You can't avoid death. You can't avoid taxes. Now get on with running a profitable business.
Way too many novice real estate investors get caught in a trap that links tax-avoidance strategies with business success. A wise investor turns her back on that approach and knows exactly where she wants to park her business bus: Since wealthy people pay large sums of money in taxes and poor people pay very little, you will want to focus on running a business that makes money.
Parts 5 and 6 of this book will guide the reader through the Canadian tax system. In the meantime, it's good to remind ourselves that taxes are a fact of life in Canada, where three levels of government collect taxes. The federal government collects taxes via income tax based on your income, personal and corporate sales taxes (GST, alcohol, fuel, cigarettes, etc.), corporate capital taxes (based on your assets, not income), and various fees such as EI, CPP, licensing, royalties and more.
Provincial governments collect income taxes that generally blend in your federal income taxes, sales taxes (except Alberta), corporate capital taxes (based on assets or liabilities) and various fees such as royalties and licensing. Alberta has some components of tax that are independent of the federal government, and Quebec collects its own taxes.

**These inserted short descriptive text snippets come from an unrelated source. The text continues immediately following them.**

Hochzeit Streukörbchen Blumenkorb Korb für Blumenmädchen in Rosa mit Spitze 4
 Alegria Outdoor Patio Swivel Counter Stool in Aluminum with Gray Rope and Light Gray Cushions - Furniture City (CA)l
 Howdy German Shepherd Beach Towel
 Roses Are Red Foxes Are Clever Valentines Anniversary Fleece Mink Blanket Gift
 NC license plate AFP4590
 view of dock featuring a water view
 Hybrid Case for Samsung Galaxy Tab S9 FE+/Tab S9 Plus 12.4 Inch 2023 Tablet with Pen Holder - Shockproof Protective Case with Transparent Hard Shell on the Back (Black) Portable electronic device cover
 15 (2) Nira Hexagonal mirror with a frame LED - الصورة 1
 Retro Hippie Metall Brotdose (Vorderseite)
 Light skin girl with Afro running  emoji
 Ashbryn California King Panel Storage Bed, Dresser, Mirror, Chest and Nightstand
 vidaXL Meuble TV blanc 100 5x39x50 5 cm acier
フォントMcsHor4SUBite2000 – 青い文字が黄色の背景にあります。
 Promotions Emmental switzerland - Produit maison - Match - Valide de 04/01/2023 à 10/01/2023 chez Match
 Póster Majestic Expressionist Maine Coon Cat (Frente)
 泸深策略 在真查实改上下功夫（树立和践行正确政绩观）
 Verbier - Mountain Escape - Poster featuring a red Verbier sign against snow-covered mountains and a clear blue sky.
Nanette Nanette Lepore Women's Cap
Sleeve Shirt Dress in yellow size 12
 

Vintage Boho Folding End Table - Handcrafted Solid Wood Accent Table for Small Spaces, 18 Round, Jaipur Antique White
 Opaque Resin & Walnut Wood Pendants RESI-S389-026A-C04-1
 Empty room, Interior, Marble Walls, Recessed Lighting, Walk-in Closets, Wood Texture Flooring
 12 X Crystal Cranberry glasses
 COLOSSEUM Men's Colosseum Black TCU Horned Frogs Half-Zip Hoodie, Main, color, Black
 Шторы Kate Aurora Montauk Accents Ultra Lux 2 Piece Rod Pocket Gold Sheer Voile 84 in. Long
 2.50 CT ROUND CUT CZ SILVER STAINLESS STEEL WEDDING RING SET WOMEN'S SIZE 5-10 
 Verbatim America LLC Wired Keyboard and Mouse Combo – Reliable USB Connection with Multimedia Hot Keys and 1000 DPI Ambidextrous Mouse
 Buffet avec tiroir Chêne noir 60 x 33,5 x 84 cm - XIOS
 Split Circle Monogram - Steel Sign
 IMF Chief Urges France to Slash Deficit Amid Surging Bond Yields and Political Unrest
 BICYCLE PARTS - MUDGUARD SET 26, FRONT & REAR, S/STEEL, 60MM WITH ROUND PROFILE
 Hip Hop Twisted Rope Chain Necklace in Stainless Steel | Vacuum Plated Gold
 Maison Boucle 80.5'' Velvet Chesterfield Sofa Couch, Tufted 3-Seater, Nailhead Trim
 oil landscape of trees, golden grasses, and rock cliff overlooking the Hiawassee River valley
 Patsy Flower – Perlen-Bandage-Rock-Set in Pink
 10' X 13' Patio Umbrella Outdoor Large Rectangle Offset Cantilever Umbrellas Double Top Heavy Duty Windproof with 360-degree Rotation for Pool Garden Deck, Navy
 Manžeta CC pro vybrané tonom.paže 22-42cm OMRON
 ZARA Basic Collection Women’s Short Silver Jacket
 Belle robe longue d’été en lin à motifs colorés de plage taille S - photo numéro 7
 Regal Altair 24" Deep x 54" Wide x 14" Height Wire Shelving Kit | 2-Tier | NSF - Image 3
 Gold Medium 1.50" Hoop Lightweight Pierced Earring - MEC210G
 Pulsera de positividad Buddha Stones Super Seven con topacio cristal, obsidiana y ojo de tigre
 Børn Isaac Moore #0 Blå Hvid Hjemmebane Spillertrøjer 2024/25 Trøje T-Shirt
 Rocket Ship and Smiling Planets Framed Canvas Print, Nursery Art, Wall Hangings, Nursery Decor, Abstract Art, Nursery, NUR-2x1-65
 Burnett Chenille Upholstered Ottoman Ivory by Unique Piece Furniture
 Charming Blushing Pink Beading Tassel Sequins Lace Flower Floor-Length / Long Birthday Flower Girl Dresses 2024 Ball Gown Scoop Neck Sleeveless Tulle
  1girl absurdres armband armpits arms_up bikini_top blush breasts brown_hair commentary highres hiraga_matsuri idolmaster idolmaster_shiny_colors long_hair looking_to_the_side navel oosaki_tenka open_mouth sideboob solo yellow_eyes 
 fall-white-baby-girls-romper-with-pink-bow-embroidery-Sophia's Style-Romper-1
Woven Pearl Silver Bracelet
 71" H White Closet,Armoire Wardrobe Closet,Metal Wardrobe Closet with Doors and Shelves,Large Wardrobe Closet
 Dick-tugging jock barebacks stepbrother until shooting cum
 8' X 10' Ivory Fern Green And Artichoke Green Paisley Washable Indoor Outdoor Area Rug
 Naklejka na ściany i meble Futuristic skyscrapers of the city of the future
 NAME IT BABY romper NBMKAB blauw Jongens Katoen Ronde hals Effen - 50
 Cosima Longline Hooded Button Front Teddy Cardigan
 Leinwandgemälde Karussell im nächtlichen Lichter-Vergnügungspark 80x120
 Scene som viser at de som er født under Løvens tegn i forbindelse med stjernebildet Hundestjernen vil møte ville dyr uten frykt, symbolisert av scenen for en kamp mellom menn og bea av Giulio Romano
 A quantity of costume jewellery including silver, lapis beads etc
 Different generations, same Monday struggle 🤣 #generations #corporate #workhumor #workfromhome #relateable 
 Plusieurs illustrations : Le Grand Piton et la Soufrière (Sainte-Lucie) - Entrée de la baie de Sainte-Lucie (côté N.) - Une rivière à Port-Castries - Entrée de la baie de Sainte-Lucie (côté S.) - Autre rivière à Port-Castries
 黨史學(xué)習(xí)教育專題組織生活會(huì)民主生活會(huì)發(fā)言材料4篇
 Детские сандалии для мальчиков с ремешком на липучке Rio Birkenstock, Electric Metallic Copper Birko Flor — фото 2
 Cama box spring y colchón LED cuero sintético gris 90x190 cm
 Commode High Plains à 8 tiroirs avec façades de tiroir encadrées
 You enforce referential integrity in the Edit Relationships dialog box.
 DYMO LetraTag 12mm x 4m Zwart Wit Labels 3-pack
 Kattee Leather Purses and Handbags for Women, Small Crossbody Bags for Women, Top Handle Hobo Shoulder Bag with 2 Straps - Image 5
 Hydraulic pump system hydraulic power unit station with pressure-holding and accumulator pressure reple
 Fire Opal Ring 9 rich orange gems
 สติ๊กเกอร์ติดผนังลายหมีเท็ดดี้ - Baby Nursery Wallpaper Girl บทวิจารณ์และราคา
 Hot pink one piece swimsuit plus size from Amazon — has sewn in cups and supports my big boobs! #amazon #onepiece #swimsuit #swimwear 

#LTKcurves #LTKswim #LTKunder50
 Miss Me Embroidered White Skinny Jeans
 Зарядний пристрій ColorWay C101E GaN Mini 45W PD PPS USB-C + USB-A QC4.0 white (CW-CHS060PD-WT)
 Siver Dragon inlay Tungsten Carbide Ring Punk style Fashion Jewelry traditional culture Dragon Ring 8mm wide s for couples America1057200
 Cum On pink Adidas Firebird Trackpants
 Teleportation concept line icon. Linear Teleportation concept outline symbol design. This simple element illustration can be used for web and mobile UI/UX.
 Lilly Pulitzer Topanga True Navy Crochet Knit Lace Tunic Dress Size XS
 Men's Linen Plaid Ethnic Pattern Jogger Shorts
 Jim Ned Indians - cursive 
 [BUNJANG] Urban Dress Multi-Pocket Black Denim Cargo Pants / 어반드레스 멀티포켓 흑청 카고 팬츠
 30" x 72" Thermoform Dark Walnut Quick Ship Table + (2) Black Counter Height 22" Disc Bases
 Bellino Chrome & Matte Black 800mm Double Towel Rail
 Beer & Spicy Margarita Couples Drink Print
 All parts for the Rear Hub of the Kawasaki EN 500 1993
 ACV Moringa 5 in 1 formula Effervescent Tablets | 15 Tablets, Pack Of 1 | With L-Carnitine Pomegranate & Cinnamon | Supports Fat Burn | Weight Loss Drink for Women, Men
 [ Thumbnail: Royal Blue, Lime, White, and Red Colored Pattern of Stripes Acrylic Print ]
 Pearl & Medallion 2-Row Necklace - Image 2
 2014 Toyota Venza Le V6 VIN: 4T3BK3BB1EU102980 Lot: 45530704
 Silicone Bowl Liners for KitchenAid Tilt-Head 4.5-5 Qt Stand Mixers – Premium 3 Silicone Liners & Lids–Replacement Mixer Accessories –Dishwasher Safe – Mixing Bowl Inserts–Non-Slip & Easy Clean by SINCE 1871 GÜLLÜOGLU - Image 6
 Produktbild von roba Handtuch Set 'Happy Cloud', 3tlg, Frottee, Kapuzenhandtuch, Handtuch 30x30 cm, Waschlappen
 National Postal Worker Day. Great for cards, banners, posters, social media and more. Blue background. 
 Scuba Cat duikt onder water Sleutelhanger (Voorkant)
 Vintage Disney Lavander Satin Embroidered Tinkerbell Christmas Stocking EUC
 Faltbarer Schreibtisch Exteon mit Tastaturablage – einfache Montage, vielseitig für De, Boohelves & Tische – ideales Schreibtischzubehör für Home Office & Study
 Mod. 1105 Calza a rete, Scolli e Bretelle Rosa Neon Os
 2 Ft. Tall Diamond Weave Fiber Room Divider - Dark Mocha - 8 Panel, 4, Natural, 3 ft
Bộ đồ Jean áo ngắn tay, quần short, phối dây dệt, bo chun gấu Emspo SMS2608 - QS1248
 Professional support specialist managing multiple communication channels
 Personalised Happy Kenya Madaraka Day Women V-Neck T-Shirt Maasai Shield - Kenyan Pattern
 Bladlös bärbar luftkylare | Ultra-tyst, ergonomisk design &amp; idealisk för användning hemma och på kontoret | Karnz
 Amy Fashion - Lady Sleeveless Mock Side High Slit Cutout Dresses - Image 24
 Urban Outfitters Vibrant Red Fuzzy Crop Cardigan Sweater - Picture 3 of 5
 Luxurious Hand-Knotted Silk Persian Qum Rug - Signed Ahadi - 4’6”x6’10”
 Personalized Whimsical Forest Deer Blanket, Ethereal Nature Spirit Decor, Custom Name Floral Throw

Municipal governments generally collect property taxes, business taxes, builders' fees and licensing fees. There is very little connection between municipal government and your income taxes paid to the other two levels of government.
Key Insight
Governments do not have money. All of their money comes from some form of taxation. Individuals and businesses essentially act as government "trustees" in that they pay the costs associated with collecting taxes and then remit the money to the government. A good trustee knows the rules!
Sophisticated Investor Tip
You are in business to make money
The majority of taxes are pro-rated based on the amount of income generated. Sophisticated real estate investors recognize there are two ways to make money: you can trade time for dollars through employment or running a business, or you can learn to make your money work for you and reap the benefit of passive income. Real Estate Investing in Canada shows readers how they can transition from paid employment to full-time investing, or incorporate a part-time approach that's respectful of the individual investor's tolerance for risk.
Regardless of where you are on that spectrum, always remember that you are in business to make money. As an investor, this means you must assess the risk and take investment action when warranted. Investment decisions should be viewed over a long period of time (10-to-20-years minimum) and should never be focused on schemes that aim to avoid taxes. The real purpose of investment income is to get rich, slowly. This approach takes all of the "excitement" out of investing because it focuses on using tried-and-true investing approaches.
For a refresher on the fundamentals of a tried-and-true investing approach, review Appendix 1. The information gleaned from the Property Goldmine Score Card is essential to risk management in a sophisticated real estate investing system.
Red Flag
When it comes to tax shelters, be aware that investment schemes marketed as "tax shelters" are not all created equal. Generally speaking, where a loss is projected at some point in the first four years of a real estate project's life, the project is a tax shelter for tax purposes. But look behind the curtain. If the investment is not ultimately expected to make money, why are you investing in it?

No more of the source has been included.